Virtual reality is still a relatively new technology, but it already offers many exciting opportunities for gaming, interaction, and yes, traveling. While many of us are currently restricted in our movements, we can still experience far-flung destinations in vivid 360 degree color.
But virtual reality cannot truly replace the thrill of being there, so it is not likely to negatively impact the tourism industry. In fact, it can only help. Not only does virtual travel support the tourism industry as a whole, it provides access for people who can’t otherwise travel for any reason.
Here are six ways that virtual travel improves the world.
Most of us have limited travel budgets, in that a trip around the entire world is probably out of reach. The problem then is to allocate our tourism dollars in the best way. Some parts of the world are very touristy and trendy, while others are hidden gems that not everyone knows about.

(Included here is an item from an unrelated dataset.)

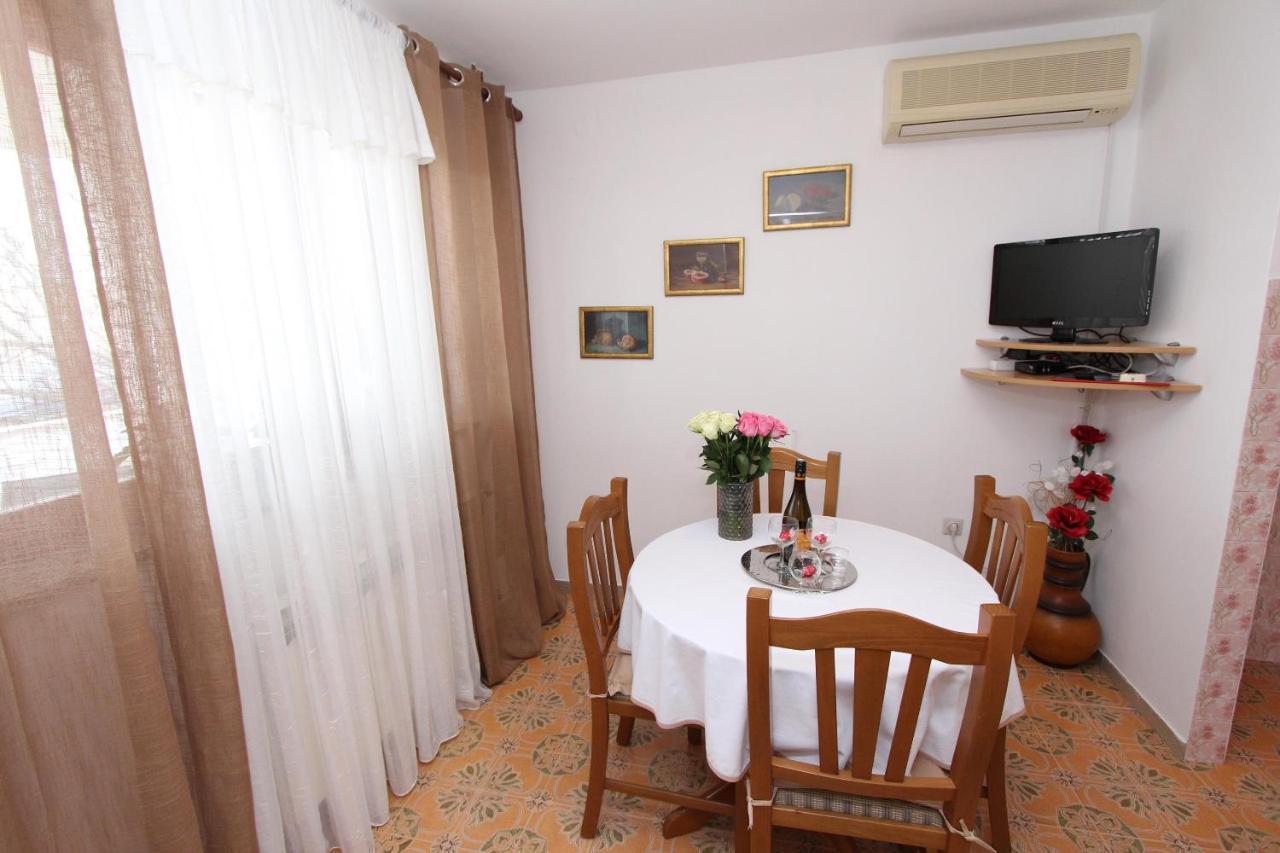 Apartments San Francesco โรวีน ภายนอก รูปภาพ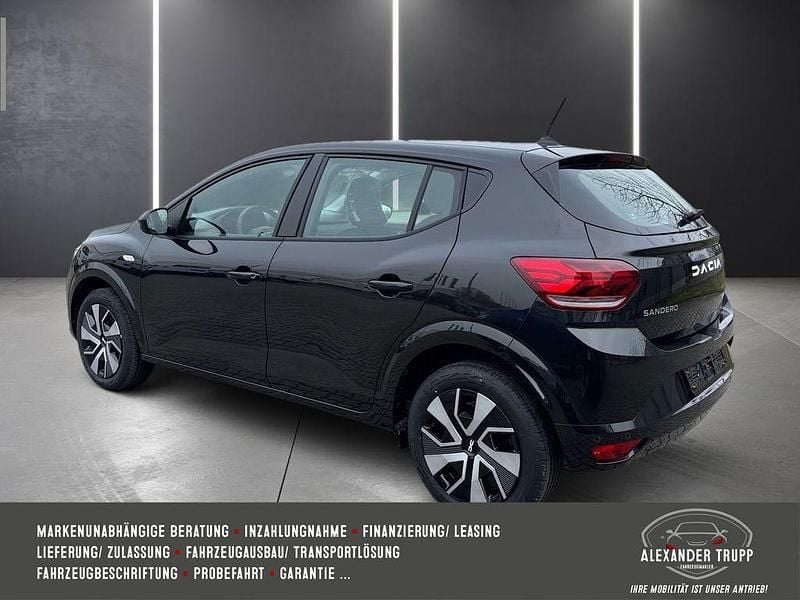 Neu Dacia Sandero Expression 91 PS (66 kW) 2025 Schwarz Limousine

Where you want to go is dependent on your personality and values. But knowing yourself does not mean that you automatically know the most fulfilling places to visit. That takes research. Virtual reality allows you to get a taste of locations you have coveted and those you may never have heard of.
Some people like to land in an exotic location with no advance information about how to get around and what there is to see. But for the planners among us, virtual travel is like a prep course that makes it easier to hit the ground running.
Virtual travel can give you a clear sense of the geography and topography of a place before you get there. It can establish visual clues that help you find the transportation you need to move around. It can teach you landmarks to use in navigation. You can also hone in on the neighborhood you prefer for your hotel and the attractions you don’t want to miss.
When reserving hotels, tours, meals, and other recreation, photos on the booking site give you a sense of what you’re getting. But those pictures are always very carefully shot to reveal only the best angle of a place. They leave out everything that’s around it.
Virtual hotel and recreation tours allow you to look at everything before making a decision. Does that hotel front directly on a noisy road? Are the facilities clean and well-kept? Is the space big enough? Exploring the services you plan to book through VR answers the questions that aren’t typically addressed before you hand over your credit card.
Travel is a valuable undertaking, but for many families, there is little money left over at the end of each month. When we travel, we have to be prepared for a steady stream of cash to flow out for lodging, meals, attractions, transportation, tips, fees, and incidentals.
For many of us, the amount of travel we can afford is way less than the amount we crave. But with virtual reality, we are still able to get a taste of places we may never see in person. Even as we save our pennies for the next trip, we can explore far-flung corners of the world and learn about them.
Some destinations are simply not accessible to people with mobility issues. Machu Picchu in Peru, for example, is a mountainous citadel with hundreds of steps, few places to rest, and a ban on walking sticks. It is also a stunning historical vista that can easily claim a spot on anyone’s bucket list.
Many tourist locations make efforts to provide accessibility for everyone, but some don’t and some can’t due to geographical considerations. Virtual travel, however, is much more accessible. With VR, you can visit places that may otherwise be too difficult or too dangerous.
To be fair, VR itself does have some issues with accessibility, especially for users who are blind, struggle to hold a controller, or can’t move their bodies in certain ways. Developers are working on making VR more accessible, but it’s important to keep the pressure on so that they are aware the demand is real and significant.
Tourism is excellent for the economy but can be devastating for the environment. On Mount Everest, for example, overtourism has resulted in an ecological disaster of human waste, trash, and frozen bodies. All over the world, waterways, soil, animal populations, and air quality are being impacted by many thousands of humans passing through every year.
Virtual travel can provide the experience of a location without your physical presence. As certain oft-visited areas are forced to limit the number of guests, you can still get an immersive look because others before you shot virtual footage.
At this point, virtual travel is not as “real” as the real thing. In some ways it’s better, such as affordability and accessibility. But virtual visitors still miss the smells and the tactile opportunities of actually being there. No doubt as VR technology improves, these issues will be addressed. One day we may all be able to visit the holodecks of our favorite sci-fi television shows. However, the VR of today already offers considerable benefits that make virtual travel a blessing for humankind.